We just added a $6 billion liability as a result of the PPA calculation.
Effectively the tax benefits of the step-up in fair market value of an asset has to be added back in, and that increases the deferred tax liability by $6 billion.
Elsewhere we have deferred tax assets as a result of making losses in countries such as the US and the UK.
And we have deferred tax liabilities, such as benefiting from capital allowances in countries such as the UK and elsewhere.
It is quite a complicated set of moving parts behind this.
The biggest issue for us and for analysts is, are these tax assets recoverable, which by definition since they're on the balance sheet, they are assumed to be.
The deferred tax liabilities will play out over time as the earnings come through from the assets to which they are associated.
Which the step-up of $6 billion that I just mentioned, virtually all in Brazil.
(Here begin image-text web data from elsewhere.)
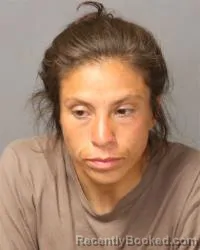 Mugshot of Destinee Jacklyn Carrillo booked in Bernalillo County, New Mexico on March 8, 2026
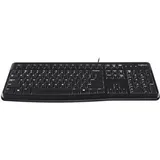 Logitech K120 for Business, Volle Größe (100%), Kabelgebunden, USB, Schwarz - Schwarz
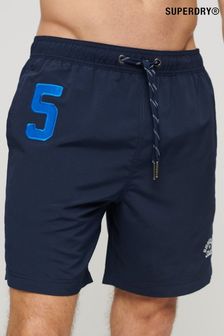Superdry Blue Vintage Polo Shirt 17" Swim Shorts (N46443) | SGD 77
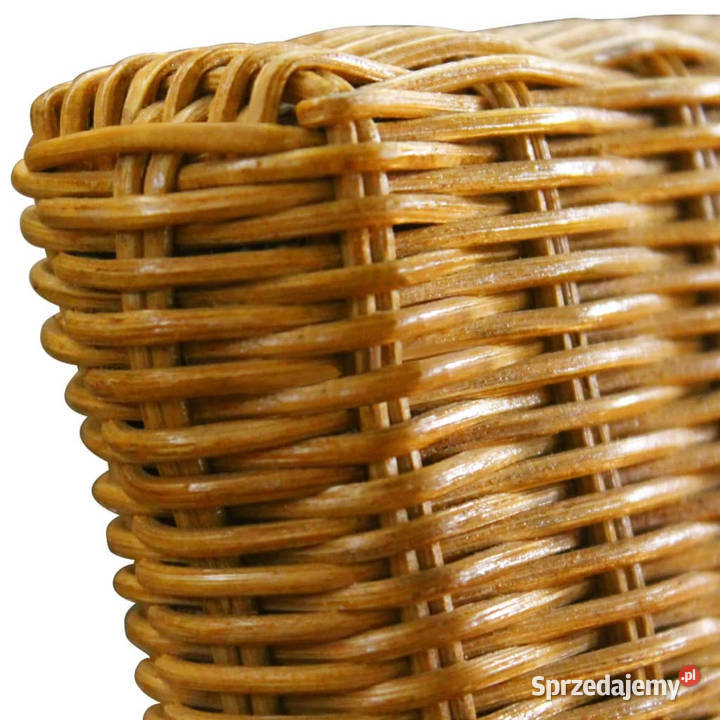 Krzesła stołowe 6 brązowe naturalny rattan Dom i Ogród Warszawa
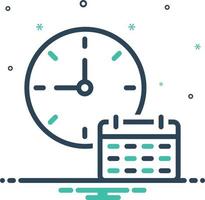 Mix icon for time table vector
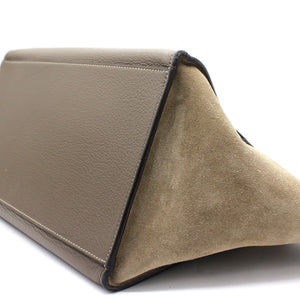 Calfskin Leather Medium Trapeze Souris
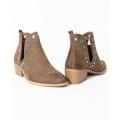 Ladies Taupe Boot. U.K 6.5 which is a U.S 8.5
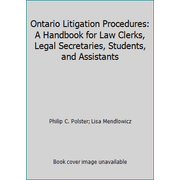 Ontario Litigation Procedures [Paperback - Used]
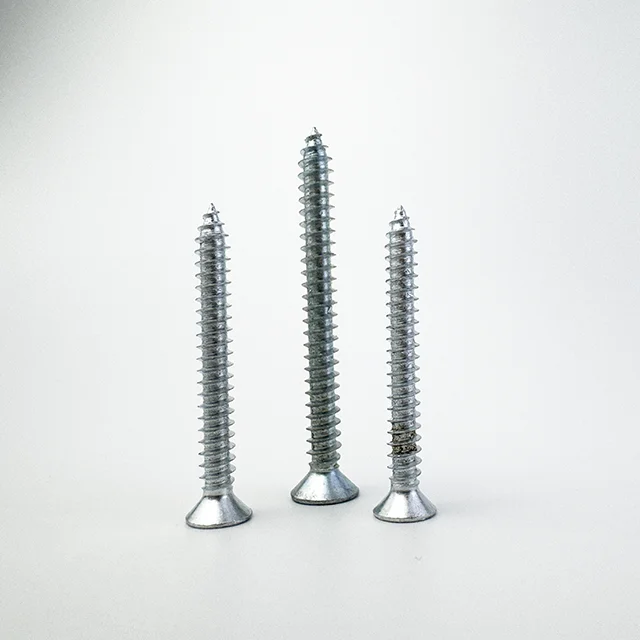 High Quality And Cost-Effective 10mm 35mm 50mm Steel Zinc Countersunk Head Self Tapping Invisible Wood Screws For Woodwork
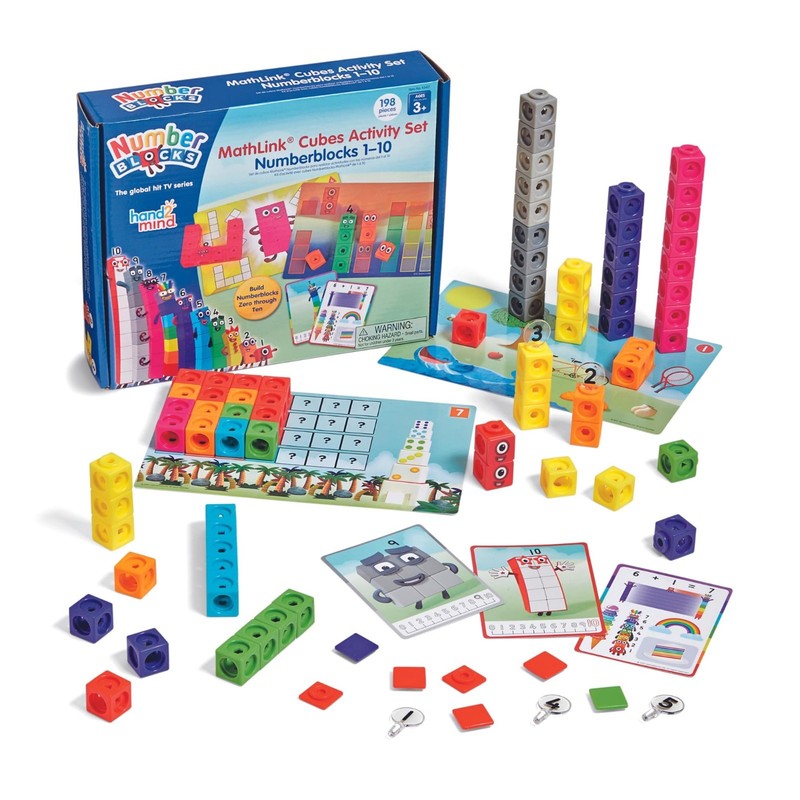 MathLink Cubes Activity Set 1-10, 30 Preschool Learning Activities, Counting Blo gallery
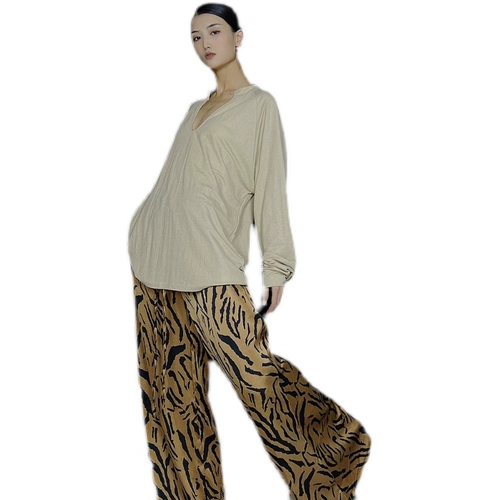 Футболка подходит для мужчин и женщин, лонгслив для отдыха, V-образный вырез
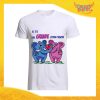 T-Shirt Uomo Love Bianca "Grande Storia d'amore" Maglietta Idea Regalo Maglia per Innamorati Gadget Eventi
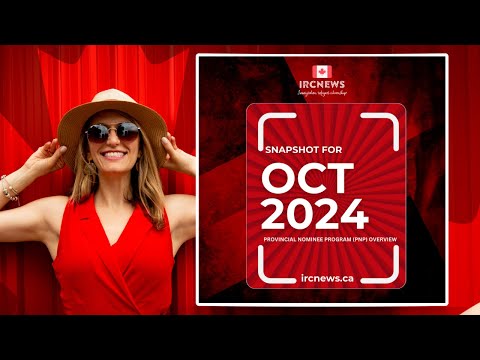 Canada Immigration Monthly PNP selection Summary for month ending October 2024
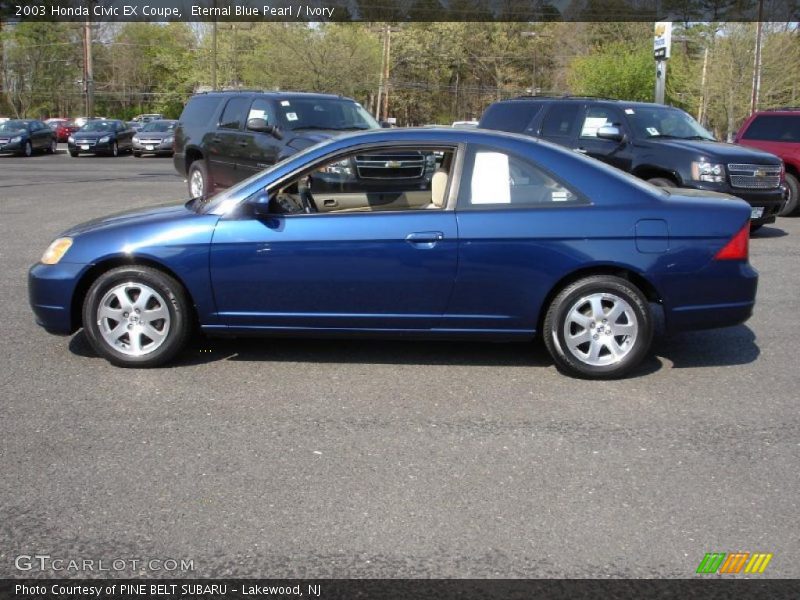 Eternal Blue Pearl / Ivory 2003 Honda Civic EX Coupe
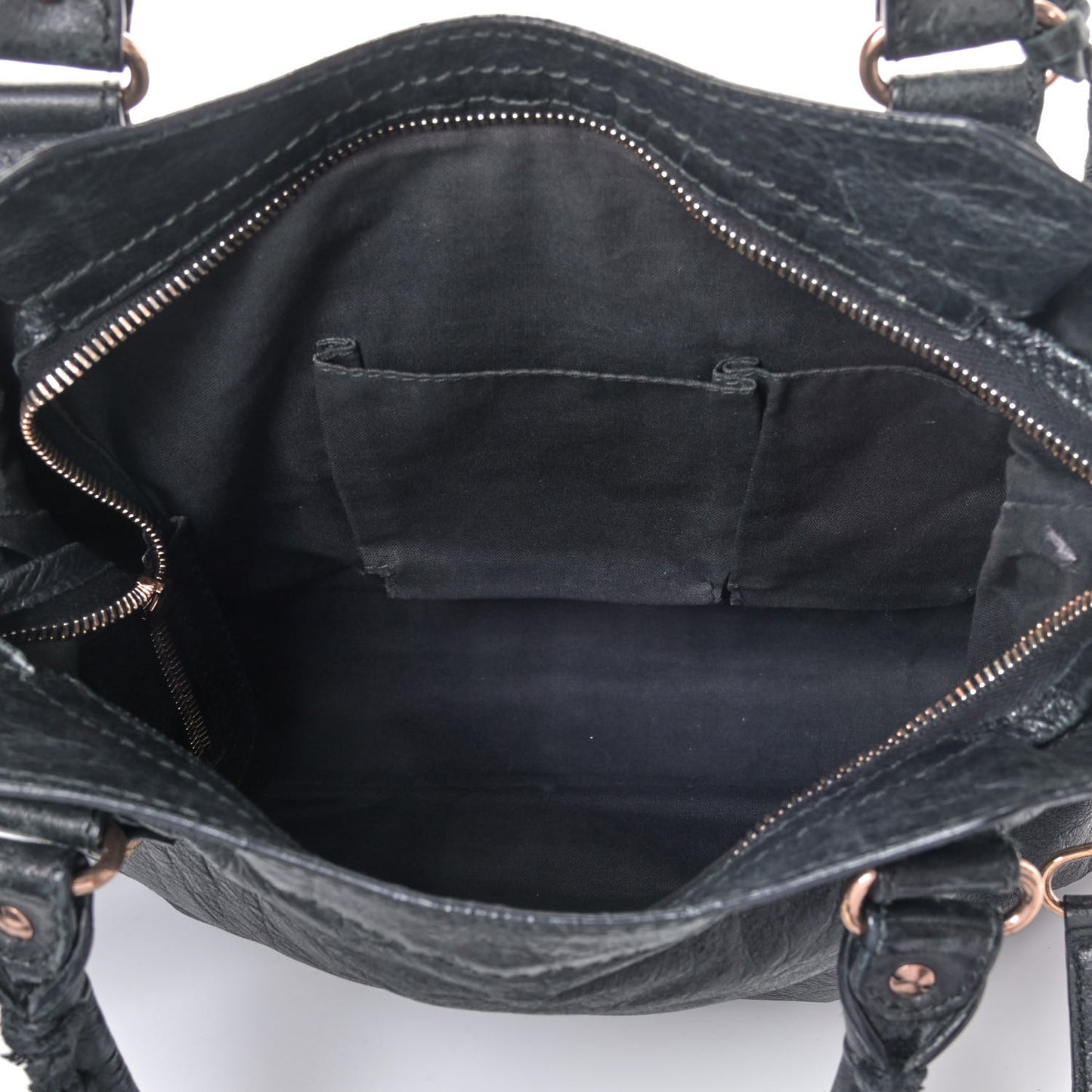 Agneau Giant 12 Rose Gold Hardware Town Black
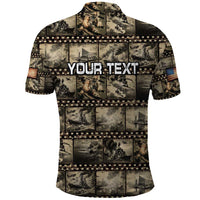 Pearl Harbor Remembrance Day Personalized Polo Shirt Memories of December 7 with Red Poppy Lei - Polynesian Pride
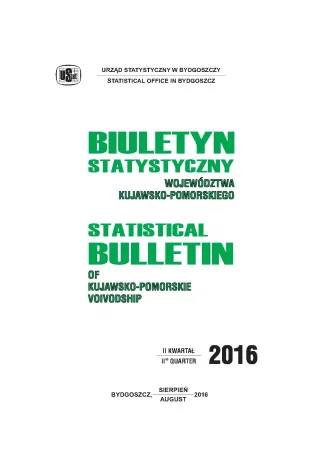 Powiększ obraz: Pierwsza strona opracowania Biuletyn statystyczny województwa kujawsko-pomorskiego II kwartał 2016 r.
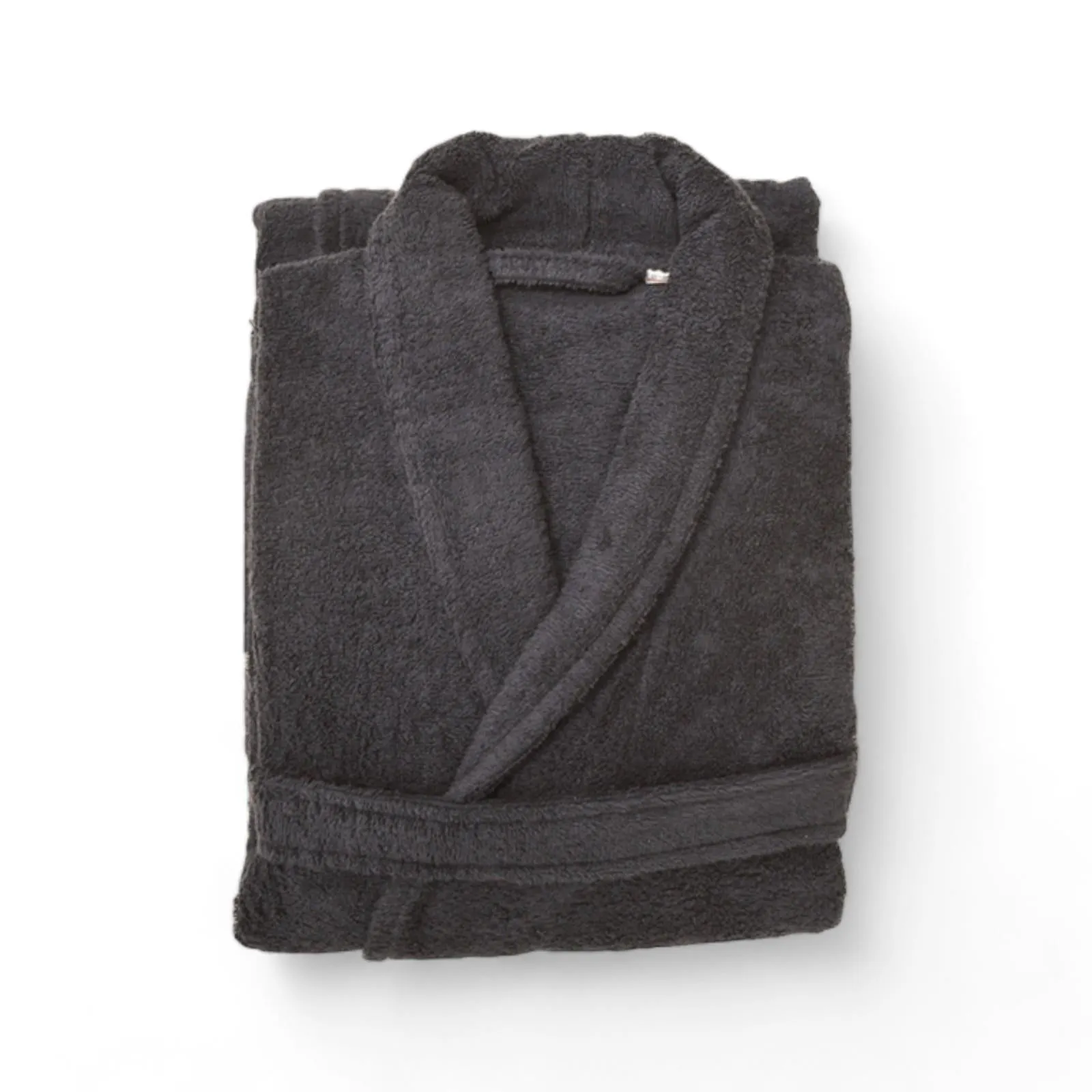 Hotel Luxury Towelling Bathrobe Charcoal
Therefore you can -- [I'm elated to see] Brazil produce and perform, that you will see the liability reduce.
Deepwater production.
I'm just looking.
Is around 400,000 barrels a day at the moment, which basically is the combination Brazil, US, Nigeria.
That would be the Shell [moving] on BG.
BG was running -- is approaching now 200,000 barrels a day effectively in Brazil.
You are seeing over 0.5 million barrels a day.
It is highly price-sensitive, almost by definition.
All of those areas have excellent exposure to higher oil prices.
But at $34 that was a contributor to the negative.
It is probably the most price-sensitive element within the upstream business.
And therefore -- and it's also piece that is growing.
So it's the big driver of the future, but it is not helping today.
I think that is probably as much as I can say on that.
Probably something we'll need to follow up as we do the Capital Markets Day.
Operator
Anish Kapadia, TPH.
- Analyst
A couple of questions for me as well, please.
Just following up on a couple of things.
The first thing one was on cash flow.
Looking at Q1, if we take the cash flow from ops, export and capital and post-interest, it seems like about $4 billion.
If you take a full quarter of BG, feels more like $4.5 billion, or $18 billion annualized.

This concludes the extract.